Wunderkammern

Trouvailles pour esprits curieux

Le secret de la flamme. Les Leçons de Ténèbres de Lalande par Sophie Karthäuser et l’Ensemble Correspondances

Jean-Baptiste Santerre Portrait d'une jeune femme avec une lettre

Jean-Baptiste Santerre (Magny en Vexin, 1651-Paris, 1717),
Portrait d’une jeune femme avec une lettre, c.1708 ?
Huile sur toile, 91 x73 cm, Collection privée

Lorsque François Boivin publia, en 1730, le petit recueil contenant Les III Leçons de Ténèbres et le Miserere à voix seule de ce Michel-Richard qu’à la suite de Louis XIV qui, semble-t-il, lui en fit le premier l’honneur, on ne nommait, en détachant bien la particule, que Lalande, il était probablement persuadé de faire une excellente affaire ; la vogue de ces compositions destinées à être interprétées durant la semaine sainte n’avait pas encore faibli – Franz Xaver Richter, maître de chapelle de la cathédrale de Strasbourg, en écrira encore en 1773 –, pas plus que la renommée de leur auteur dont la musique demeurait fort goûtée au point d’être très fréquemment programmée au Concert Spirituel.

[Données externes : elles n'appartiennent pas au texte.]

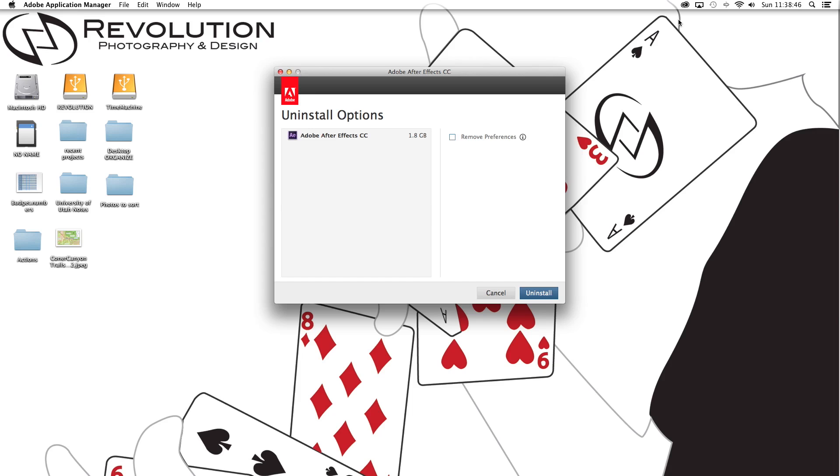which I'm really excited for because I've really been wanting to mess around with some 3D modeling and integration into video. So we'll see how that works. But I'll go ahead and uninstall this and come back and see if it works.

Lalande, pourtant, était mort le 18 juin 1726 à Versailles des suites d’une fluxion de poitrine, au terme d’une carrière que l’on peut qualifier d’exemplaire. Ce fils d’un marchand tailleur parisien, né le 15 décembre 1657 en la paroisse de Saint-Germain l’Auxerrois, eut la chance de voir très tôt ses dispositions pour la musique repérées et encouragées par son maître, François Chaperon, et si le roi le jugea trop jeune, en 1678, pour occuper le poste d’organiste laissé vacant par Joseph de la Barre, l’excellente réputation qu’il se fit en qualité professeur de clavecin chez les Noailles puis auprès des filles qu’eut Louis XIV avec Madame de Montespan, lui assura le soutien du monarque au service duquel il entra en 1683. Nommé tout d’abord titulaire du quartier d’octobre de Sous-maître de la Chapelle royale (ce poste était divisé en quatre trimestres chacun tenu par un musicien différent), il cumula cette fonction avec celle de compositeur (1685), puis de surintendant (1689) et enfin de maître de la Musique de la Chambre du roi, responsabilités qui lui assurèrent la haute main sur la vie musicale versaillaise durant quarante ans, d’autant que les trois autres quartiers de la Chapelle finirent par tomber dans son escarcelle à la suite de la démission de ses confères en 1690, 1704 et 1714. Si l’on entend parfois des fragments des douze suites qui composent ses Symphonies pour les soupers du roy, la réputation de Lalande repose surtout sur son œuvre sacré, un genre que Madame de Maintenon l’encouragea à cultiver et dans lequel il excella si bien que la cour se pressait pour écouter ses motets comme le fit plus tard le public du Concert Spirituel.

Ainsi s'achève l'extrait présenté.